Filmado por colegas, o congolês Emery Mwazulu Diyabanza arrancou uma escultura de madeira do Chade de seu suporte e saiu brandindo o objeto pelos corredores enquanto gritava “tudo o que está aqui foi pilhado na colonização, esta é uma riqueza que nos pertence e agora vai voltar para casa”.

O ativista tentava acelerar o processo de devolução prometido por Macron em 2017. Sua sentença saiu há uma semana, dias depois da votação unânime na Assembleia francesa. Diyabanza foi condenado por roubo qualificado e multado em € 1.000, cerca de R$ 6.600.

Enquanto comissões faziam inventários e desenhavam políticas de repatriação na França, na Alemanha e no Reino Unido, museus holandeses começaram a agir sem esperar por pedidos de restituição.

Na Holanda, o Museu Nacional de Culturas Mundiais se comprometeu a devolver todas as peças identificadas como roubadas da era colonial. Entre elas estão bronzes do Benim, artefatos e placas de latão, marfim, cerâmica e madeira retirados de um palácio real durante a colonização e espalhados por diferentes países. Em 2018, os museus fizeram um acordo para permitir que eles integrassem o Museu Real da Nigéria, que deve ser inaugurado em 2021.

A nova casa é uma de várias projetadas nas ex-colônias, como o Museu das Civilizações Negras de Dacar, no Senegal, o Centro de Arte Javett, na Universidade de Pretória, o Museu de História Nacional, na República Democrática do Congo, e o Centro JK Randle para a Cultura e História Iorubá, na Nigéria, todas à espera de peças repatriadas.

Mas nem todos os países querem receber objetos de volta, por falta de recursos para armazenar, expor e garantir a segurança dessas coleções. Alguns também temem que os objetos reabram conflitos internos ou consideram que museus de prestígio europeus são vitrines poderosas para as culturas africanas.

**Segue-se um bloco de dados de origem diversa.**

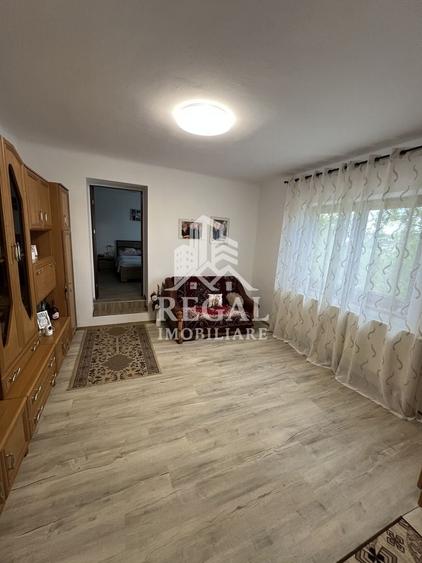 Casă individuală cu 3 camere cu Canalizare în Sud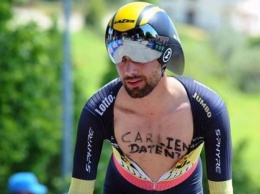 Романтика вне спорта: организаторы Джиро д'Италия оштрафовали велогонщика на 100 франков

Outro argumento é o de que coleções europeias estão em cidades multiculturais, e muitos de seus visitantes têm origem nas mesmas nações que produziram as obras de arte. O diretor do britânico Vitória & Albert, Tristram Hunt, é um dos que defendem a visão mais integrada dos problemas criados pelo imperialismo.

Mais museus globais, em vez de menos, é a proposta do historiador britânico –em vez de simplesmente tirar da vista europeia o passado colonial, acrescentar a ele reflexão e contexto, nos ex-impérios e nas ex-colônias, reforçando empréstimos e parcerias.

É um debate quente também na Alemanha, que se prepara para inaugurar em dezembro o Fórum de Humboldt, num palácio real reconstruído no centro de Berlim. A proposta é que ele abrigue mais de 50 mil peças das coleções etnológicas da capital alemã, que estariam expostas a partir de 2022.

A direção do Fórum se adiantou ao comunicar que já criou grupos de trabalho com os países de origem e com especialistas internacionais, para garantir que, além dos objetos expostos, o museu trate da forma como eles foram obtidos.

Saudada por alguns, a precaução não convence críticos como a francesa Bénédicte Savoy, que fazia parte do conselho do Fórum. "Quanto sangue está pingando desses artefatos?”, perguntou, ao se demitir do cargo há três anos.